** RECORDS PROVIDED follows **

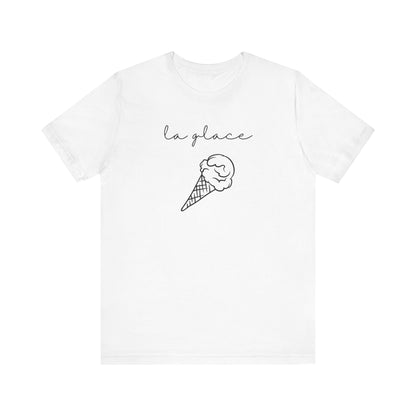 La Glace French T-Shirt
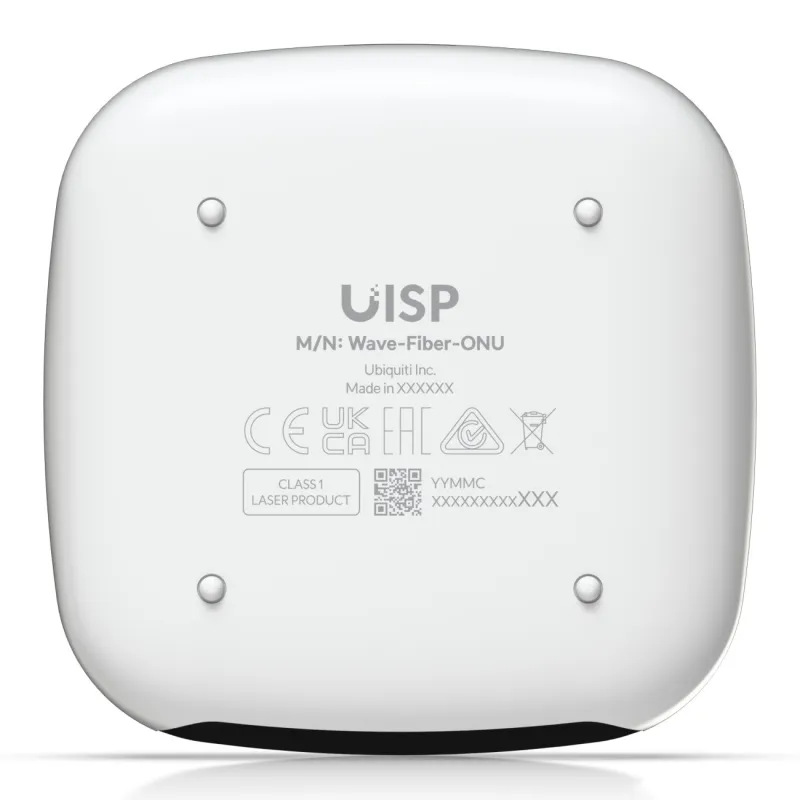Ubiquiti Wave-Fiber-ONU-20 | ONT | GPON 2.5G, 20km, 20-pack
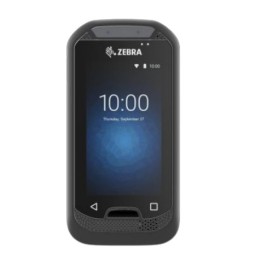 Zebra Screen protector, tempered glass, pack of 5 (SG-EC30-SCRNP1-05)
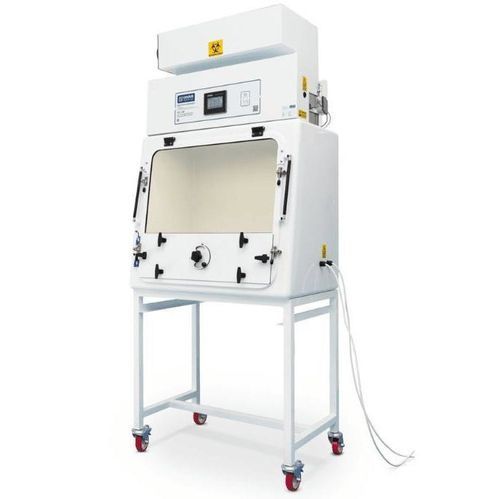 Cabina di sicurezza microbiologica classe I - Class 1 Connect - Envair - per microbiologia / da laboratorio / di biocontenimento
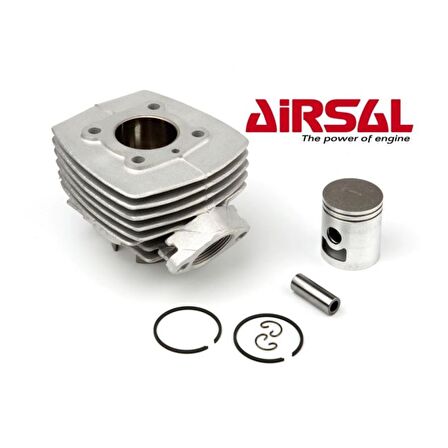 Peugeot PEUGEOT SİLİNDİR 46XKOMPLE İTH AİRSAL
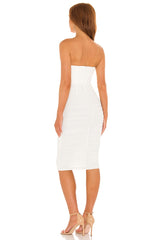 x REVOLVE India Midi Dress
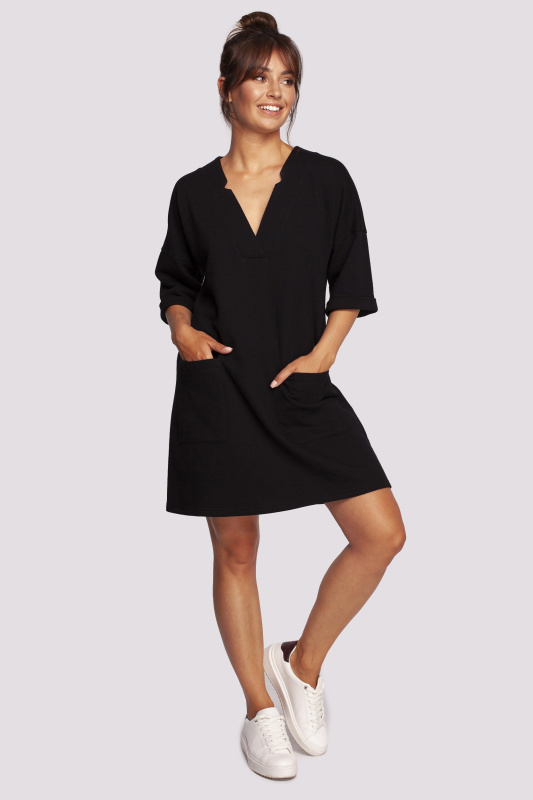 Denní šaty model 170227 BeWear L/XL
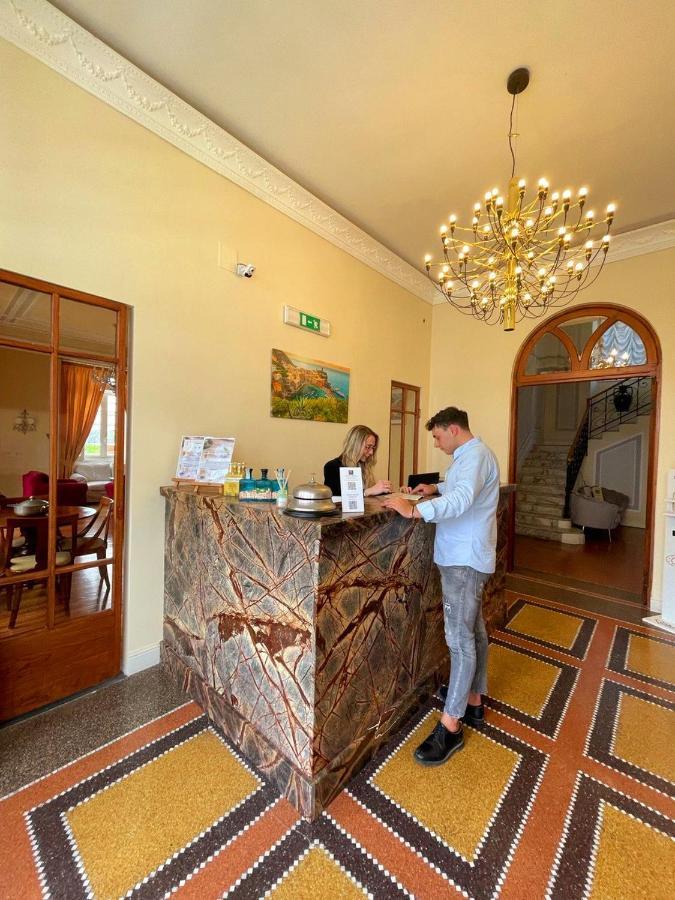 Canali, Portofino Coast 4*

** End of RECORDS PROVIDED **

### TASK TO CARRY OUT
After dropping every picture, transcribe each entry exactly.

### EXERCISE RESULT
 La Glace French T-Shirt
Ubiquiti Wave-Fiber-ONU-20 | ONT | GPON 2.5G, 20km, 20-pack
 Zebra Screen protector, tempered glass, pack of 5 (SG-EC30-SCRNP1-05)
 Cabina di sicurezza microbiologica classe I - Class 1 Connect - Envair - per microbiologia / da laboratorio / di biocontenimento
 Peugeot PEUGEOT SİLİNDİR 46XKOMPLE İTH AİRSAL
 x REVOLVE India Midi Dress
 Denní šaty model 170227 BeWear L/XL
 Canali, Portofino Coast 4*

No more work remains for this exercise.